If successful, the approach being tested at Dana-Farber/Brigham and Women's Cancer Center could significantly broaden the availability of cord stem cell transplants.
"Over the years, researchers have tried a variety of techniques for expanding the number of stem cells in cord blood," says Joseph Antin, MD, chief of the DF/BWCC transplant program.
"The problem has been that when cytokines [growth-stimulating compounds] are used, the stem cells become more ‘differentiated' – less able to take root in the bone marrow and generate new blood cells. The technique works well at first, patients' blood cell counts come up quickly, but they soon start to drop."
A different strategy emerged a few years ago from the laboratory of Leonard Zon, MD, director of the Stem Cell Program at Boston Children's Hospital, the pediatric oncology care partner of Dana-Farber.
Postdoctoral students Trista North, PhD (now at Beth Israel Deaconess Medical Center), and Wolfram Goessling, MD, PhD (now affiliated with Dana-Farber/Brigham and Women's Cancer Center), identified several drugs that could enhance the formation of blood in zebrafish embryos.
When they did follow-up studies exposing mouse blood stem cells to a drug called prostaglandin E2 (PGE2) – developed years ago to treat stomach acid reflux, but shelved when it proved ineffective – the number of cells grew by 300 to 400 percent.
It wasn't the increase in numbers per se that intrigued the researchers.
"The stem cells were hardier, they survived better, divided better, and homed in better on the bone marrow," Antin comments. "They were better suited for transplant."
Zon approached the Center for Human Cell Therapy (CHCT) – a collaborative facility serving Harvard Medical School faculty – for help in adapting his lab's discovery to patient therapy.
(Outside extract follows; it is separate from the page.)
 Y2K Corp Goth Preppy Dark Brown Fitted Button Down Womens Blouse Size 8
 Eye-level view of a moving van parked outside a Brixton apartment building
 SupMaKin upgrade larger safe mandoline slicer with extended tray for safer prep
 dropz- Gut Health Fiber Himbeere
Leslie Silberstein, MD, director of the CHCT, and Jerome Ritz, MD, of Dana-Farber/Brigham and Women's Cancer Center's Adult Hematologic Malignancies program and a codirector of the CHCT, worked with the center's Technical Director Myriam Armant, PhD, and many others to plan how the technique would be tested in patients.
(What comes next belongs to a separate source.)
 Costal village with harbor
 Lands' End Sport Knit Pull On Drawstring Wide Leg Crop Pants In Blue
"With [Dr Zon's] lab, we worked out the proper conditions for incubating cord blood stem cells with PGE2," Ritz says. "Then we brought the technique to the Connell and O'Reilly Families Cell Manipulation Core Facility at Dana-Farber so it could be standardized for patients."
Next came a green light from the U.S. Food and Drug Administration and approval from Dana-Farber/Brigham and Women's Cancer Center's Institutional Review Board, which evaluates clinical trials for patient safety. The first transplant conducted as part of the clinical trial was performed in late May of this year.
"We're excited to do this, and we've had an amazing collaboration with the Zon lab to take this research from fish tank to bedside," says Corey Cutler, MD, MPH, a stem cell transplantation specialist at Dana-Farber/Brigham and Women's Cancer Center who is leading the trial.
The first phase of the trial, undertaken to ensure the technique is safe for patients, is being carried out with individuals who have leukemia or lymphoma. The cord blood units, which come from public international cord blood banks, are processed at Dana-Farber's Cell Manipulation Core Facility.
The trial is being conducted in groups of six patients. The first group will receive one untreated cord blood unit, followed by another unit treated with PGE2. A second group will receive the units in reverse order – treated blood first, then untreated – to see which, if either, is more effective.
In a third group, both units will be treated with the drug. The researchers will compare how quickly the new stem cells take hold, or engraft, in patients' bone marrow and bring up blood-cell counts.
If the method succeeds and is confirmed in larger trials, "it could improve the results of cord-blood transplantation and increase the number of people who have access to it, and with better outcomes," says Cutler.
It could also increase the number of donated umbilical cords whose stem cells are available for transplant.
"Only 20 percent of collected cords contain enough stem cells under current practices," Antin remarks. "This technique may make previously unusable or marginal cords usable."